EXERCISE MATERIALS Start Marker

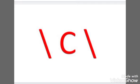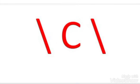Capital C. Small c. And the sound of the letter C is K. Children, now we are going to see some of the pictures which begin with the sound K.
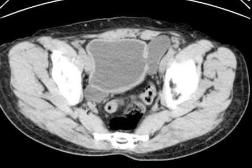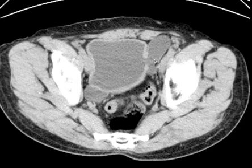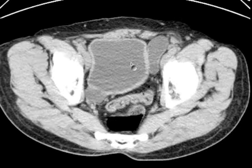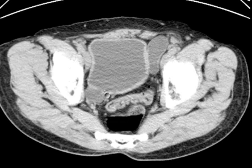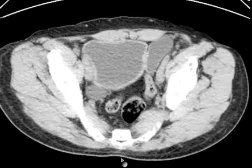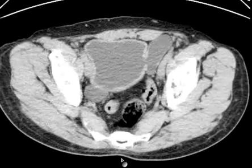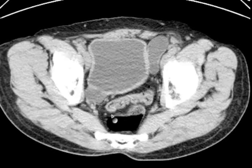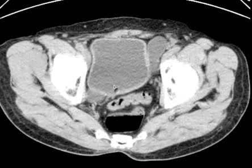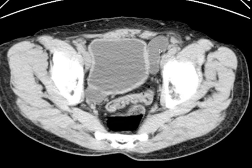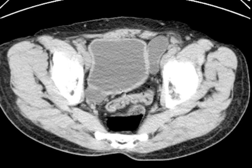Bladder diverticula. You can see beautifully the communication of this large diverticulum with the bladder, and even a little bit of communication here — that's obscured by some volume averaging, but I think there is a communication right here. The patient might have had some cystitis; this looks a little bit thickened.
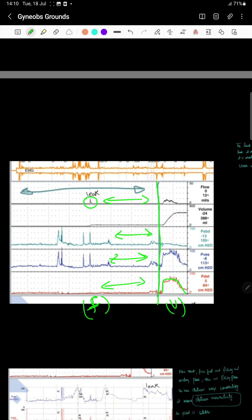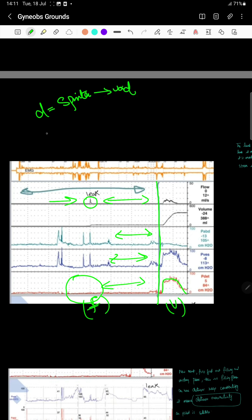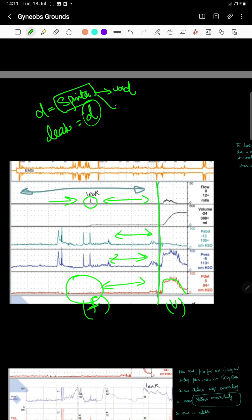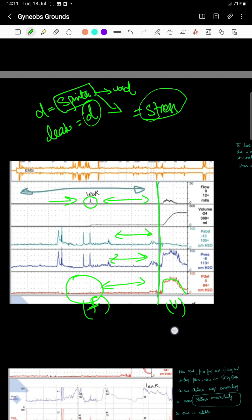Here you notice there is a leak during flow. But look at the detrusor pressure — the detrusor muscles show stability. So why is there a leak? When the detrusor muscles contract, they lead to opening of the sphincter and voiding. But here there is a leak despite stability of the detrusor muscle. This is because of weakness of the sphincter muscle — it is not able to hold the urine inside. This is stress incontinence: the sphincter is unable to bear the stress.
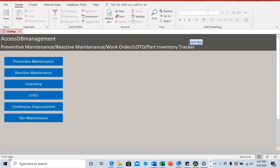Hello everyone, this is Max from AccessDB Management. In this video I'm going to walk you through the maintenance database that I created using Microsoft Access.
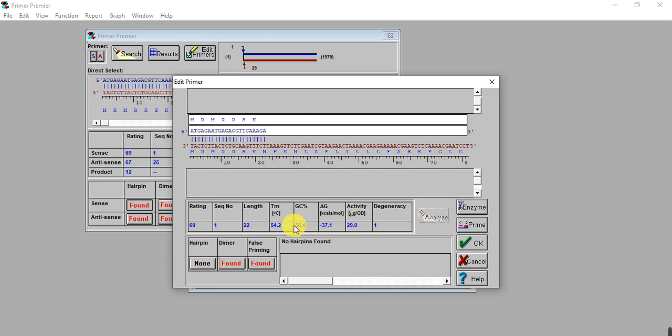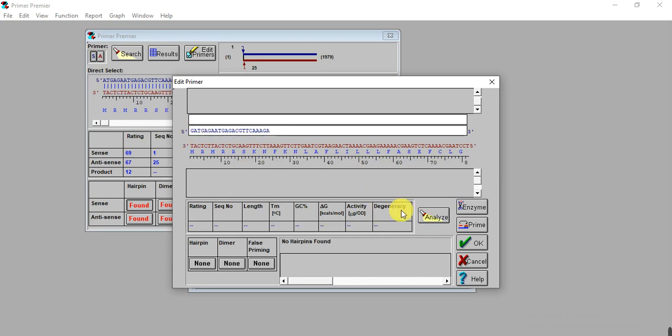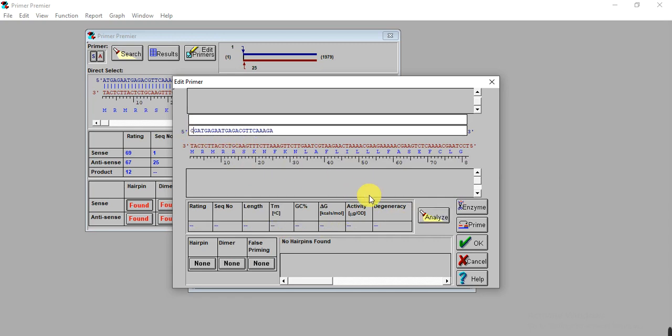Now we don't have the hairpin, but the temperature has decreased and GC content is acceptable. We can increase the temperature by adding one or two G or C base pairs at the five prime end. If at the three prime end there is G, you have to add G. Here is G, so we add one G, then analyze. It's 56°C, but we target 58°C, so we can add one more G.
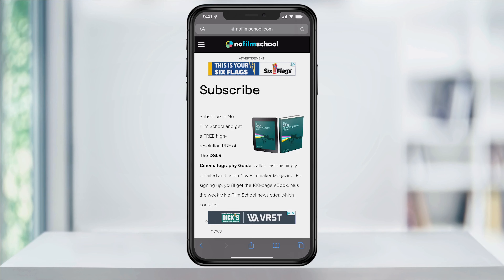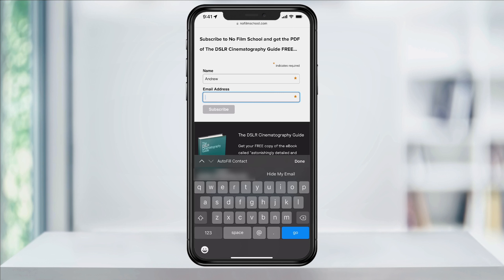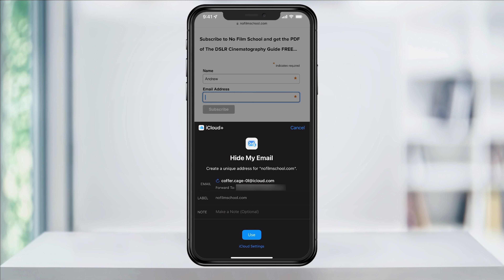Here we're looking at the website that we want to use Hide My Email with. No Film School is a great website and they definitely do have my real email, but let's say I don't want to give it out. Here it says if I subscribe with my email they'll send me a free ebook. I'll scroll down to the email form at the bottom and enter my name first. Next, tap inside of the email address field and then wait a second for the options to appear above our keyboard.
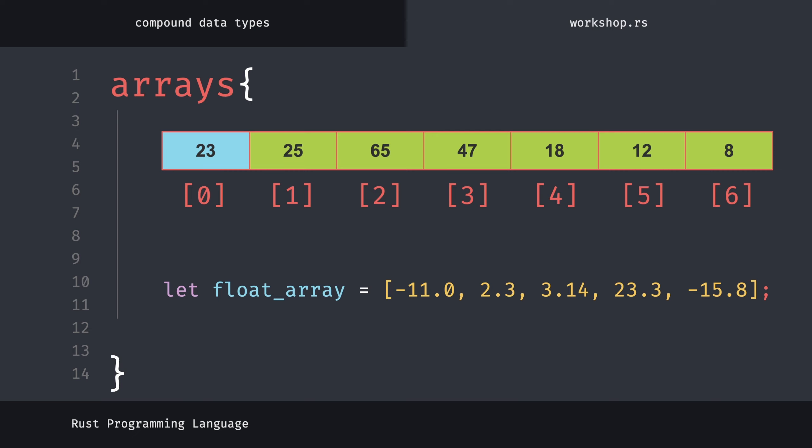To access the value, we specify the index in square brackets after the name of the array. By writing it this way, we get the value 3.14 here. Let's try this in code.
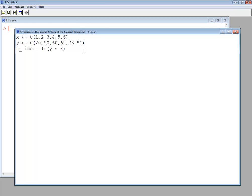Okay, now that I have those, I want to calculate the residuals. Now this right here, residuals of t_line.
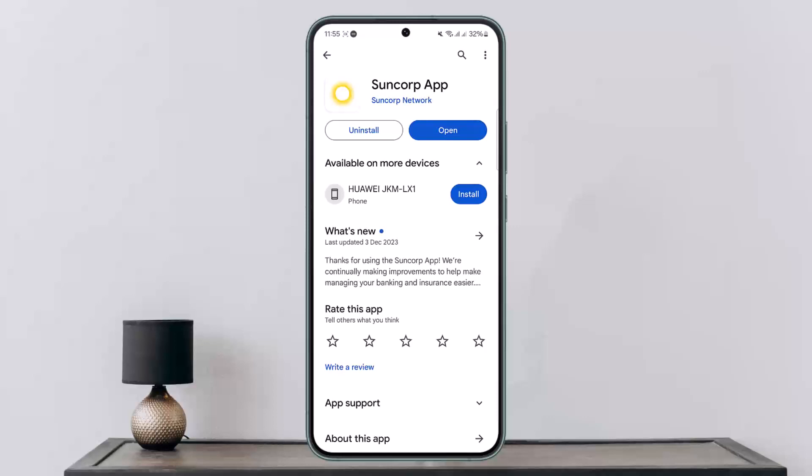You'll get either the Edit option or the Add option, depending on whether you've already added one. If you want to change it, simply tap Edit and change it. If you want to add a new one, tap Add, and you'll be able to enter your tax file number there and update it.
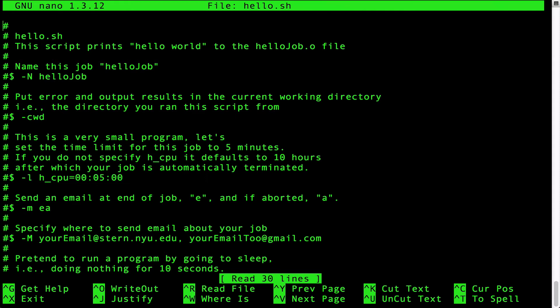The lines beginning with pound dollar are directives and options that are passed to the grid engine. The first one in this file is pound dollar space minus capital N space hello job. This directive tells the grid engine that this job is to be known as hello job. The name hello job is arbitrary, that is, you can name your job whatever you like.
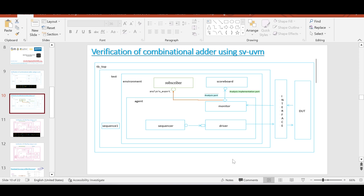Hello and welcome. In the last video we had a discussion about the coverage model for the full adder using the linear test engine. In this video I will explain how you can write the coverage model for the combinational adder using SystemVerilog version of UVM. I have already uploaded a video for the verification of this combinational adder with the complete testbench architecture, so I request you to first go through that video. We are going to understand the subscriber class here and not discuss the entire testbench architecture.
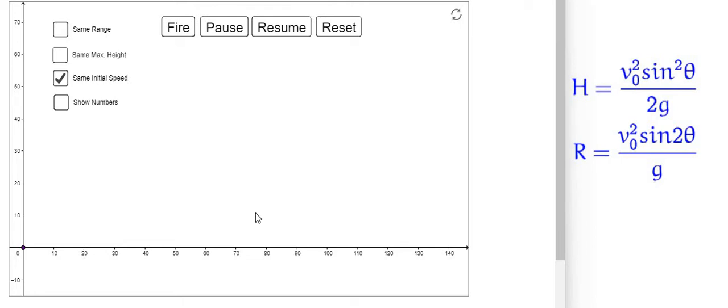Hello, welcome back to my YouTube channel. Today I am going to discuss how the height of a projectile and the range of a projectile are affected by the launching angle.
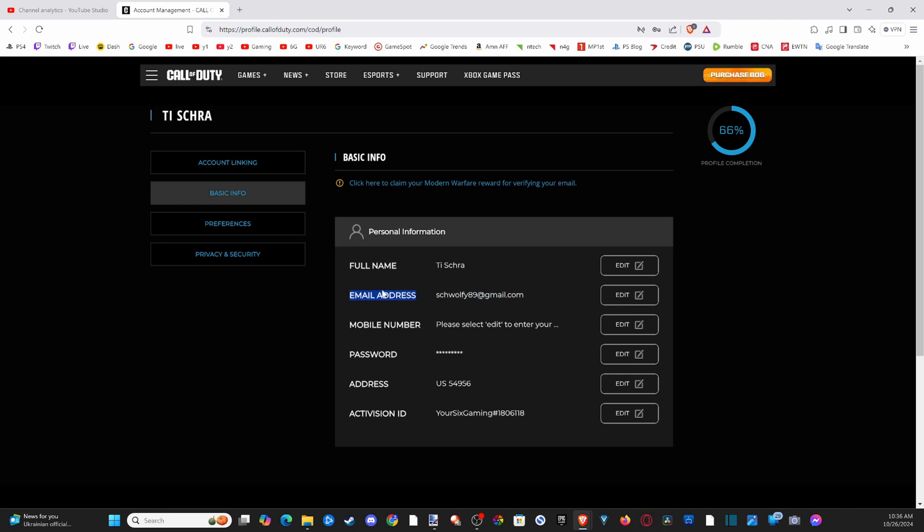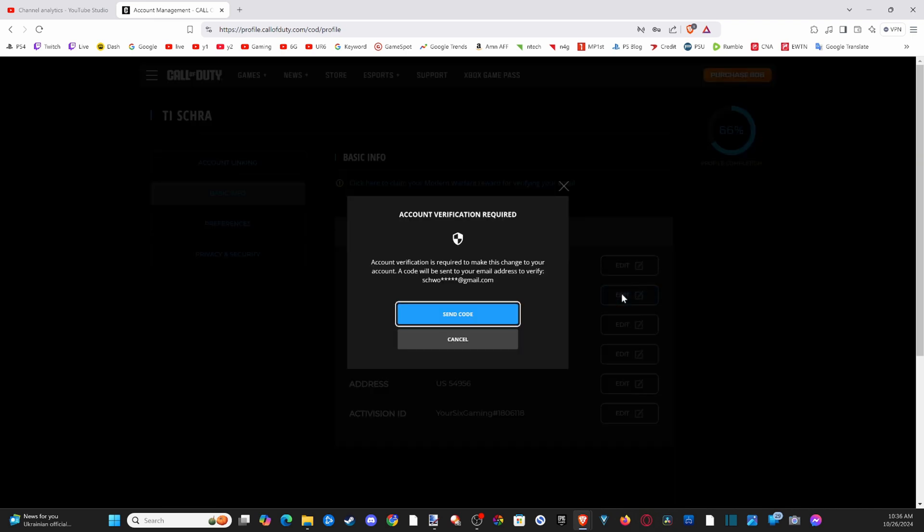And this is where all my accounts are linked to one specific account. So we can go up to my name right here now and select this. We can go to Linked Accounts and you can just check this out.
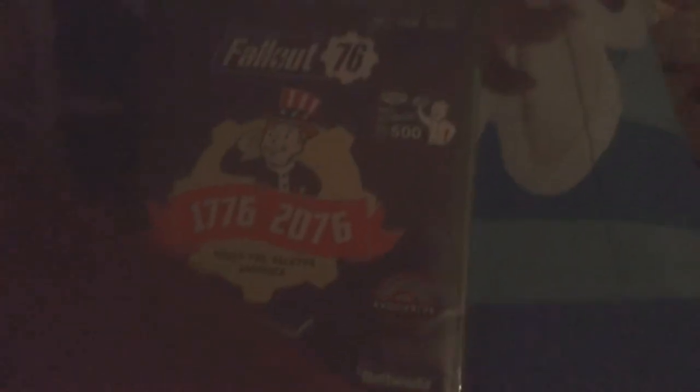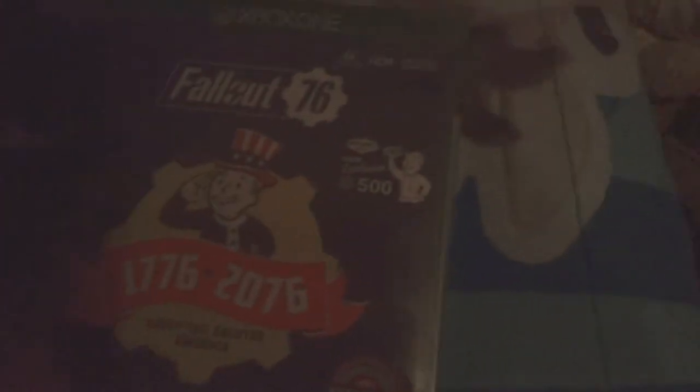Oh my god guys, I actually got it. I got it. I thought I wouldn't get it but I got it. I'm gonna unbox it.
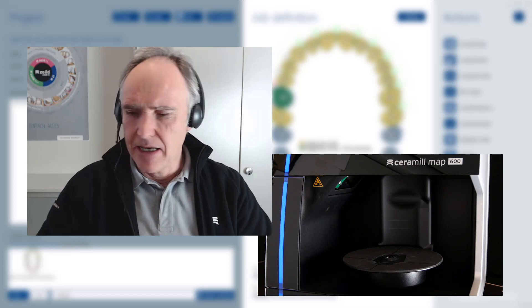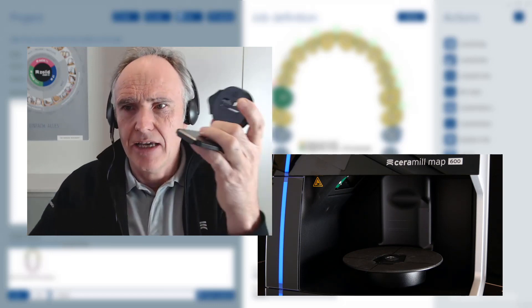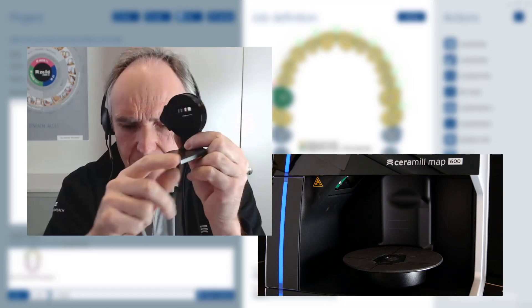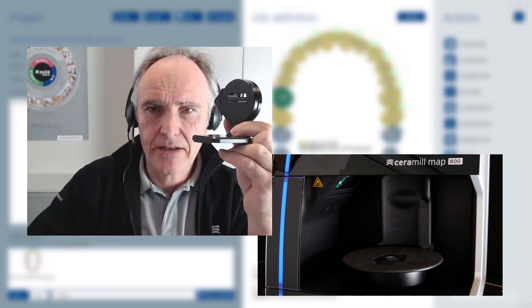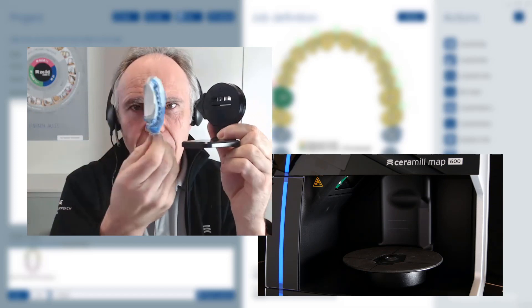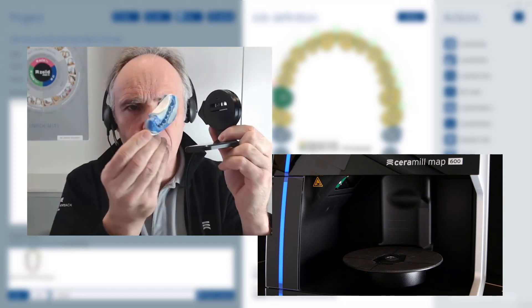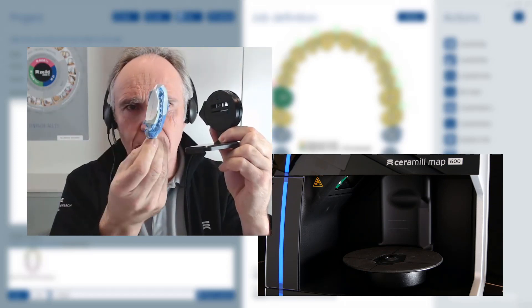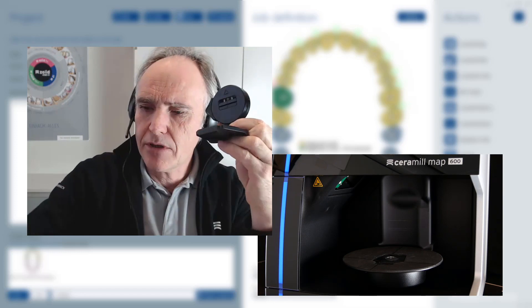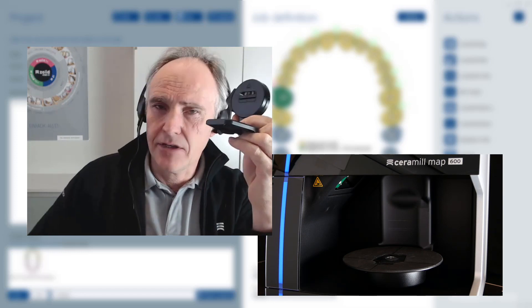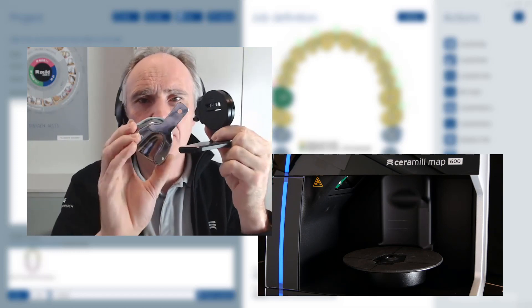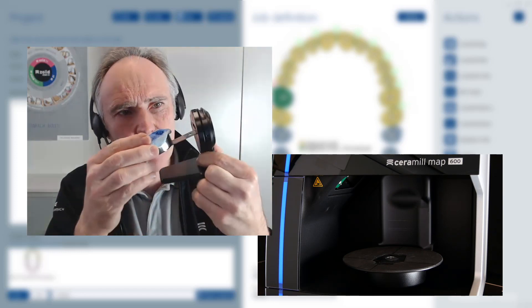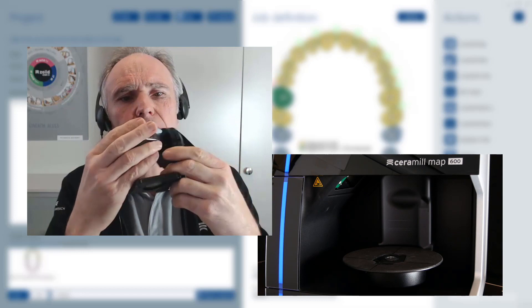The first feature we are talking about is this so-called impression holder. At the moment we have scanned this kind of special impressions, this triple tray impressions upper and lower together, and now we want to concentrate on the new feature, which is called a single arch, a single impression.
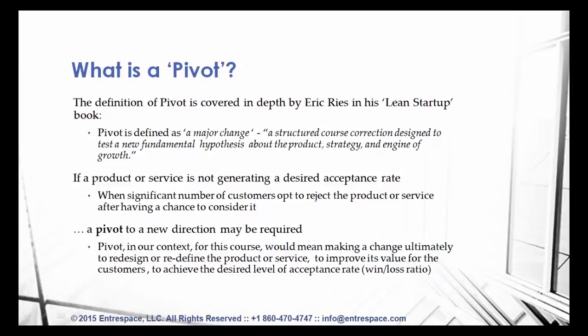Let's spend a moment on the definition of what is a pivot. The definition is covered in depth by Eric Ries in his Lean Startup book. Pivot is defined as a major change — a structured course correction designed to test a new fundamental hypothesis about the product strategy and engine of growth. If a product or service is not generating a desired acceptance rate — meaning the ratio of times customers would opt to accept versus reject your product — sometimes also called win-loss ratio — then a pivot to a new direction may be required. In this course, pivot means making a change to redesign or redefine your product or service to improve its value to customers and achieve the desired level of acceptance rate.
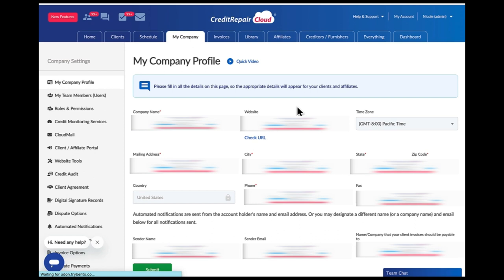Once you're under the My Company tab, you'll see all your company information. This information will appear on all documents sent to clients from Credit Repair Cloud — on your credit audits and all emails. Make sure you have your company name and company website. If you don't have either, just put your name — you don't necessarily need a website right now. However, it's always best practice to get a website, and in the course I show you how to build a simple five-page website using Wix.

EXERCISE MATERIALS End Marker

> WORK REQUIRED: Your answer must be an exact copy of the records, with no pictures in it.

> EXERCISE RESPONSE:
Capital C. Small c. And the sound of the letter C is K. Children, now we are going to see some of the pictures which begin with the sound K.
Bladder diverticula. You can see beautifully the communication of this large diverticulum with the bladder, and even a little bit of communication here — that's obscured by some volume averaging, but I think there is a communication right here. The patient might have had some cystitis; this looks a little bit thickened.
Here you notice there is a leak during flow. But look at the detrusor pressure — the detrusor muscles show stability. So why is there a leak? When the detrusor muscles contract, they lead to opening of the sphincter and voiding. But here there is a leak despite stability of the detrusor muscle. This is because of weakness of the sphincter muscle — it is not able to hold the urine inside. This is stress incontinence: the sphincter is unable to bear the stress.
Hello everyone, this is Max from AccessDB Management. In this video I'm going to walk you through the maintenance database that I created using Microsoft Access.
Now we don't have the hairpin, but the temperature has decreased and GC content is acceptable. We can increase the temperature by adding one or two G or C base pairs at the five prime end. If at the three prime end there is G, you have to add G. Here is G, so we add one G, then analyze. It's 56°C, but we target 58°C, so we can add one more G.
Here we're looking at the website that we want to use Hide My Email with. No Film School is a great website and they definitely do have my real email, but let's say I don't want to give it out. Here it says if I subscribe with my email they'll send me a free ebook. I'll scroll down to the email form at the bottom and enter my name first. Next, tap inside of the email address field and then wait a second for the options to appear above our keyboard.
To access the value, we specify the index in square brackets after the name of the array. By writing it this way, we get the value 3.14 here. Let's try this in code.
Okay, now that I have those, I want to calculate the residuals. Now this right here, residuals of t_line.
You'll get either the Edit option or the Add option, depending on whether you've already added one. If you want to change it, simply tap Edit and change it. If you want to add a new one, tap Add, and you'll be able to enter your tax file number there and update it.
The lines beginning with pound dollar are directives and options that are passed to the grid engine. The first one in this file is pound dollar space minus capital N space hello job. This directive tells the grid engine that this job is to be known as hello job. The name hello job is arbitrary, that is, you can name your job whatever you like.
Hello and welcome. In the last video we had a discussion about the coverage model for the full adder using the linear test engine. In this video I will explain how you can write the coverage model for the combinational adder using SystemVerilog version of UVM. I have already uploaded a video for the verification of this combinational adder with the complete testbench architecture, so I request you to first go through that video. We are going to understand the subscriber class here and not discuss the entire testbench architecture.
Hello, welcome back to my YouTube channel. Today I am going to discuss how the height of a projectile and the range of a projectile are affected by the launching angle.
And this is where all my accounts are linked to one specific account. So we can go up to my name right here now and select this. We can go to Linked Accounts and you can just check this out.
Oh my god guys, I actually got it. I got it. I thought I wouldn't get it but I got it. I'm gonna unbox it.
The first feature we are talking about is this so-called impression holder. At the moment we have scanned this kind of special impressions, this triple tray impressions upper and lower together, and now we want to concentrate on the new feature, which is called a single arch, a single impression.
Let's spend a moment on the definition of what is a pivot. The definition is covered in depth by Eric Ries in his Lean Startup book. Pivot is defined as a major change — a structured course correction designed to test a new fundamental hypothesis about the product strategy and engine of growth. If a product or service is not generating a desired acceptance rate — meaning the ratio of times customers would opt to accept versus reject your product — sometimes also called win-loss ratio — then a pivot to a new direction may be required. In this course, pivot means making a change to redesign or redefine your product or service to improve its value to customers and achieve the desired level of acceptance rate.
Once you're under the My Company tab, you'll see all your company information. This information will appear on all documents sent to clients from Credit Repair Cloud — on your credit audits and all emails. Make sure you have your company name and company website. If you don't have either, just put your name — you don't necessarily need a website right now. However, it's always best practice to get a website, and in the course I show you how to build a simple five-page website using Wix.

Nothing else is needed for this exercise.